Pr. Charles Tapp – Senior Pastor

If you have attended a communion service here at Sligo in recent years, then you know that it is my favorite service of those we celebrate as Christians, and I am proud to say that it has become that for many of our members as well. Sadly, this cannot be said of many of our churches. Whatever the reason, the celebration of the Lord’s Supper does more to drive believers away from the worship of God than it does to draw them to it. And yes, I am referring to Seventh-day Adventists in particular. Throughout my thirty-two years in ministry, I have witnessed firsthand members that arrived at church ready to worship God, but no sooner than they discovered it was going to be a communion service, were quick to make a beeline for the nearest exit.

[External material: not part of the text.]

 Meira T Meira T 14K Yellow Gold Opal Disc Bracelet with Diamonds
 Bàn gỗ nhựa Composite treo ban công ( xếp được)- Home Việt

This is not unique to any particular church or congregation; I have witnessed it wherever I have served. I’ve always said that one of these days I’m going to take a poll to see why so many Christians avoid the one celebration that does more to focus on Jesus and the sacrifice that he made to guarantee our salvation than any other. You would think that the goal for attending a worship service would be for the purpose of using it as an opportunity to give thanks to our Creator for all that he has done in our behalf; especially when we take into account that what we really deserve is death. You would think that the celebration of the Lord’s Supper would be the one service where our churches would be packed to the brim in much the same way they are during the Easter and Christmas seasons.

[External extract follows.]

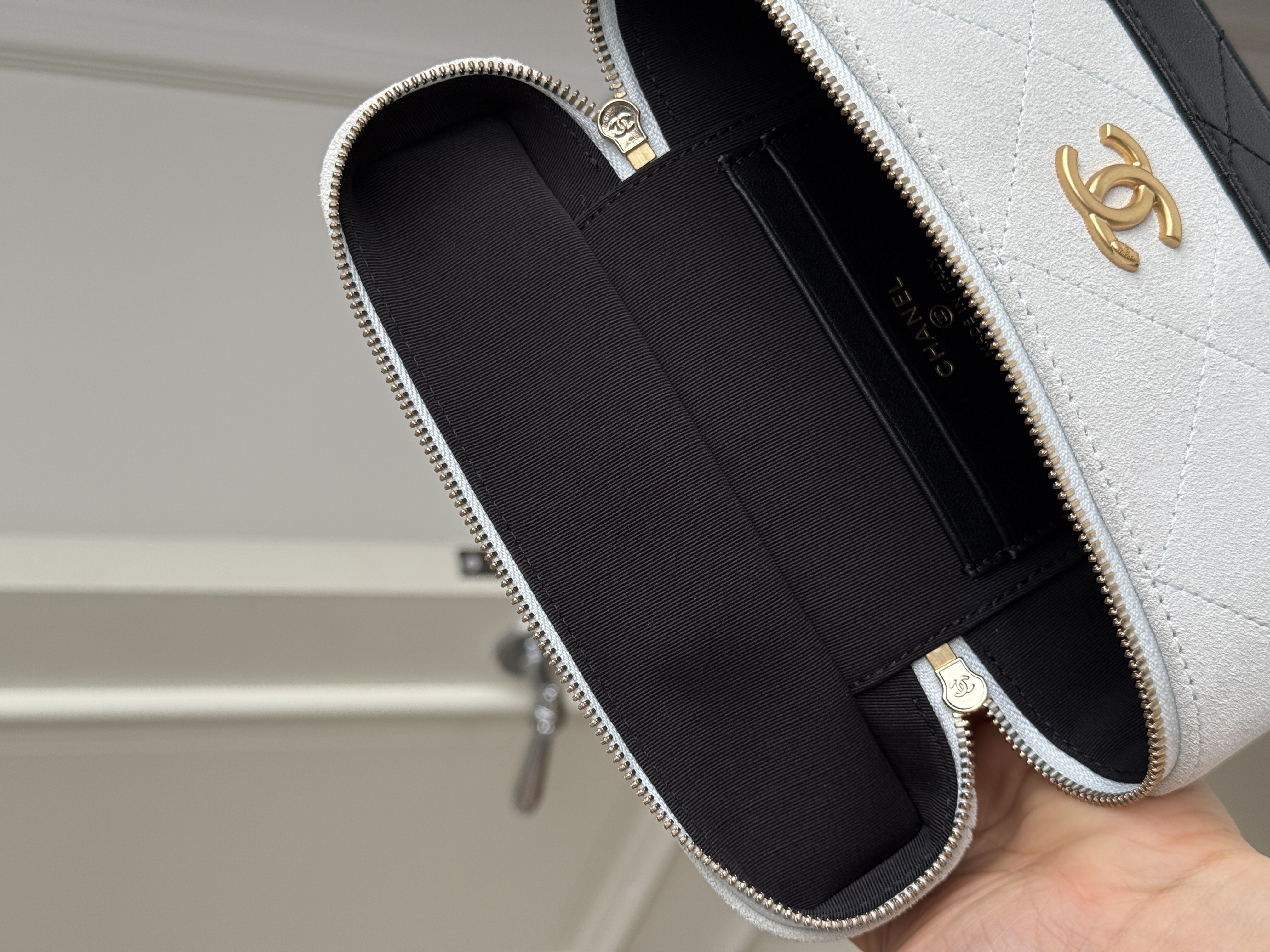 CHANEL Two-Tone Suede Quilted CC Handle Vanity Case Bag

As I have pondered this conundrum for quite some time, I have sadly come to the conclusion that one of the main reasons why this service is by far one of the least attended is that, quite frankly, for many believers the worship of our Creator is not the main reason for attending Sabbath worship. Like most people in our consumer driven culture, we take part in the things we feel will satisfy the selfish desires of our hearts, and that includes our worship. And when it comes to the Communion service and what it represents, it is the antithesis of fulfilling self- interests; quite the contrary. It is in the celebration of the Holy Communion that we learn what it truly means to deny self. It is in the taking of Communion that we learn what it truly means to love without expecting any love in return. It is in the taking of Communion that we truly learn that it’s not about us, but rather what has been done “for” us. And it is in the celebration of this holy service that we learn that our place is at the Lord’s Table, not because we deserve to be there, but because through his broken body and shed blood, Christ has reserved a place for you and for me.

As we prepare to celebrate Communion this Sabbath, my prayer is that you will occupy the place that God has reserved for you at His table. And I can’t wait until we all joins hands and sing the hymn, “When We All Get to Heaven.” By God’s grace, I hope to see you there!

(by Charles A. Tapp)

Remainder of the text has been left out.